Uyum politikalarının temelinde ise, iklim değişikliği bir veri olarak kabul edip, iklim değişikliği sonuçlarına bağlı olarak ortaya çıkacak maliyetin asgariye indirilmesi yatar. Uyum politikaların uygulanabilmesi için politika yapıcıların ilk yapması gereken çok detaylı bir risk haritası çıkarmaktır. Azaltım politikalarında öngörülen farklı senaryolara göre kendi ülkelerinde hangi bölgelerin ve sektörlerin nasıl etkileneceğini belirlemeleri zorunludur. Detaylı bir risk haritasının çıkarılmasından sonra, konuyla ilgili uzmanlardan oluşan kapasite güçlendirmesi için öncelikli alanların tespit edilmesi gerekir.  

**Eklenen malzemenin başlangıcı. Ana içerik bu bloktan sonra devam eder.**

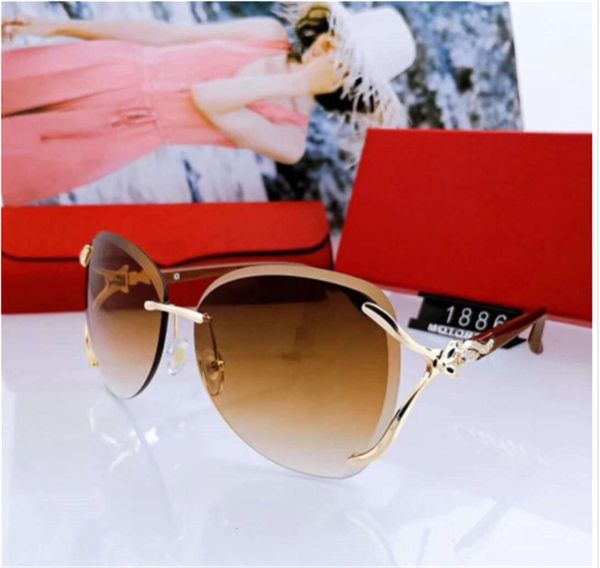 

brand design 2020 half frame sunglasses women men sun glasses outdoors driving glasses uv400 eyewear drop shipping whit brown case, White;black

Koronavirüs salgını, bir kriz anında insanlığın gerçekten üretim anlamında en önemli ihtiyaçları nedir diye sorgulamamıza da yardımcı olmuştur. Gıda güvenliği, hepimizin bildiği gibi en temel güvenlik ihtiyacımızdır. Zaten iklim değişikliği için uygulanacak uyum politikalarında en çok tartışılan sektörlerden biri tarım sektörüdür. Tarımda suyun vazgeçilemez bir girdi olarak kullanılması ve suyun döngüsünün iklim değişikliğine de bağlı olarak değişmesi, tarım sektörünü kırılgan ve risklere daha açık hale getirmektedir. Hükümetlerarası İklim Değişikliği Paneli’nin 5. Değerlendirme Raporu, iklim değişikliğinin tarımsal ürünlerin kalitesini, gıda güvenliğini ve kırsal geçim kaynağını olumsuz şekilde etkileyeceğini belirtir. Gıda güvenliğinin sağlanamaması, arz ve talep arasında dengesizliğe yol açarak tarımsal ürünlerin fiyatını artırır. Bu tür olumsuz gelişmeler, düşük gelirli kesimi daha çok etkileyeceği için gelir dağılımına ilave olarak iklim adaleti sorununu da gündeme getirecektir. Bütün bu beklenen gelişmeler doğrultusunda, kaynakları elverdiği ölçüde kalkınma planlarında tarıma lokomotif bir sektör olarak yer veren ülkeler, ekonomik güce sahip olan ülkeler olacaktır.  

Gıda güvenliğinin yanı sıra, krizlerde güçlü bir ekonomik yapı için enerji, su, sağlık ve sosyal sigorta güvenliğini de sağlamak çok önemlidir. Kısaca ekonomik büyümeden daha çok ülkelerin, iklim krizine bağlı riskleri nasıl algılayıp ona göre üretim ve yatırım yapmaları ekonomik güce erişmelerinde çok önemli rol oynayacaktır. Unutmamamız gereken, salgın sonrası kapımızda bizi çok daha büyük bir kriz, iklim krizi beklemektedir.